STAR Detector: The Solenoidal Tracker at RHIC (STAR) experiment is located on the south side of the Relativistic Heavy Ion Collider (RHIC), which is based at the Department of Energy's Brookhaven National Laboratory in New York.

April 28, 2009

Contact: Linda Vu  |  CSnews@lbl.gov

The Department of Energy's Energy Sciences Network (ESnet), the Korea Research Environment Open Network2 and the Global Ring Network for Advanced Applications Development achieved a sustained data transfer rate of 1 gigabit per second (Gbps), equivalent to transporting 120 minutes of video per second, between the Brookhaven National Laboratory in New York and the Korea Institute of Science and Technology Information in Daejeon, South Korea.

This capability will make 20 percent more data available to the STAR nuclear physics community per year, and close a digital divide between U.S. and Asian physicists.

“This stable, high-speed data transfer capability will have a great impact on the international nuclear physics community. It will enhance our ability to redistribute data to our Asian colleagues — approximately 27 percent of our collaborators are located in China, South Korea and India,” says Jerome Lauret, the software and computing project leader of the Solenoidal Tracker at RHIC (STAR) experiment based at Department of Energy’s Brookhaven National Laboratory.

For years, physicists have searched for the fundamental building blocks of matter by smashing together speeding gold ions inside the Relativistic Heavy Ion Collider (RHIC) at BNL, and tracking the basic particles that burst out with the STAR detector located on the south side of the RHIC. Analyzing the results of these collisions helps researchers improve our understanding of basic particles, fields and forces.

The STAR detectors collect a tremendous amount of data, approximately 1,000 collision events per second, which then have to be mined and processed before they can be analyzed. This means that physicists may have to wait several months to a year after an experiment before they can use the information. The mined data is stored at BNL, so scientists in Asia often have to wait several weeks longer for the massive datasets to make their way across networks spanning the United States and the Pacific Ocean. Lauret believes that this delay is a disadvantage to physicists in Asia, and causes a digital divide among researchers on different continents.

“I see a lot of physics potential coming from our Asian colleagues, but the digital divide and the far distances do not provide equal scientific opportunities to our colleagues across the world. With the 1 Gbps sustained transfer rates and bringing data closer to our scientists, I suspect we will see a lot more papers coming out that reference data taken one or two years after the experiment,” says Lauret.

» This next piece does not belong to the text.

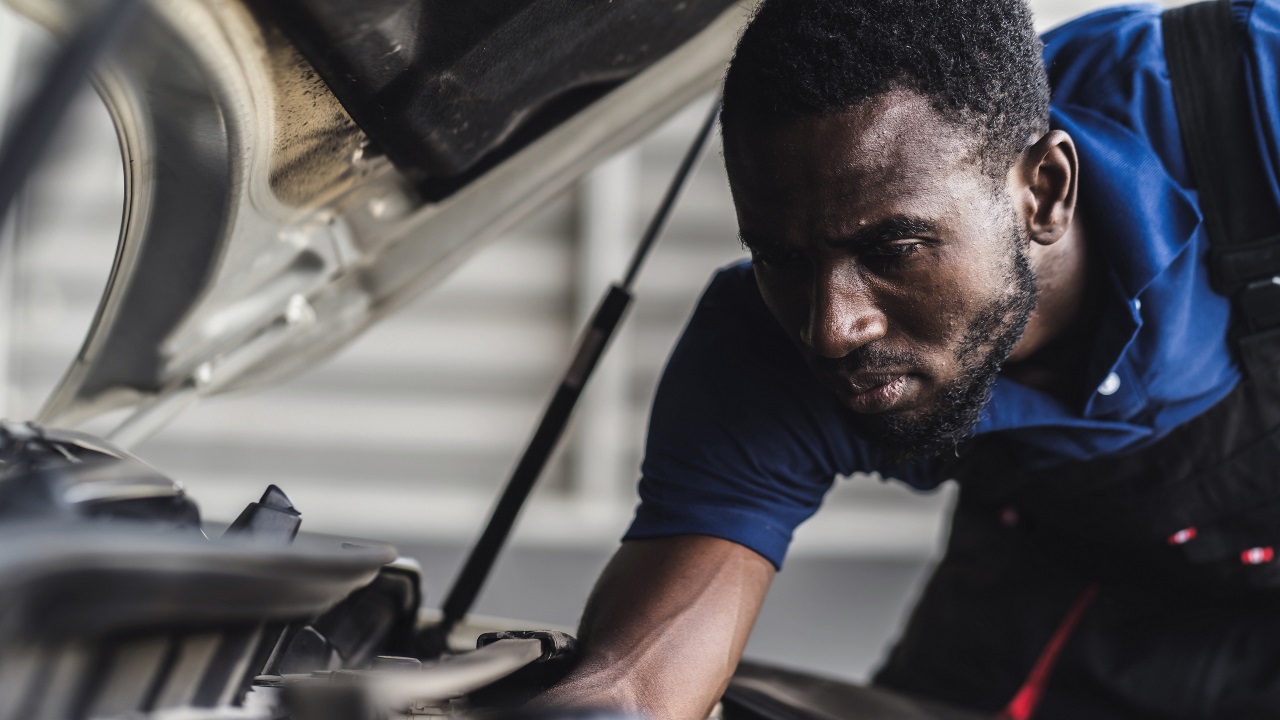 technician fixing a car
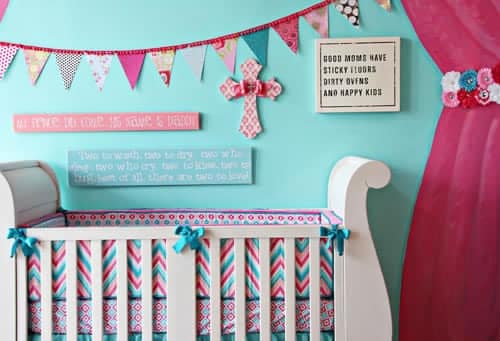 very colorful baby nursery in shades of teal and hot pink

According to Lauret, the new steady 1 Gbps connection speeds up the distribution of research-ready STAR data in two ways. It would allow the team to export a portion of the raw STAR data to the Korea Institute of Science and Technology Information (KISTI) for mining, while BNL proceeds with other data-mining activities. The additional data-mining at KISTI will make 20 percent more STAR data available to the research community per year. As KISTI mines the data, it will also be storing the results. This means that collaborators across China, Korea and India will not have to wait for massive STAR datasets to transfer from New York. Now the information is much closer in Asia and will flow much faster.

According to Eli Dart, an ESnet network engineer, network monitoring and test tools played an integral role in optimizing the 1Gbps bandwidth performance between BNL and KISTI by providing engineers with the information necessary to find and fix network bottlenecks, as well as to properly tune the high-throughput data transfer servers. ESnet maintains a repository of network and data transfer tuning tips at http://fasterdata.es.net/.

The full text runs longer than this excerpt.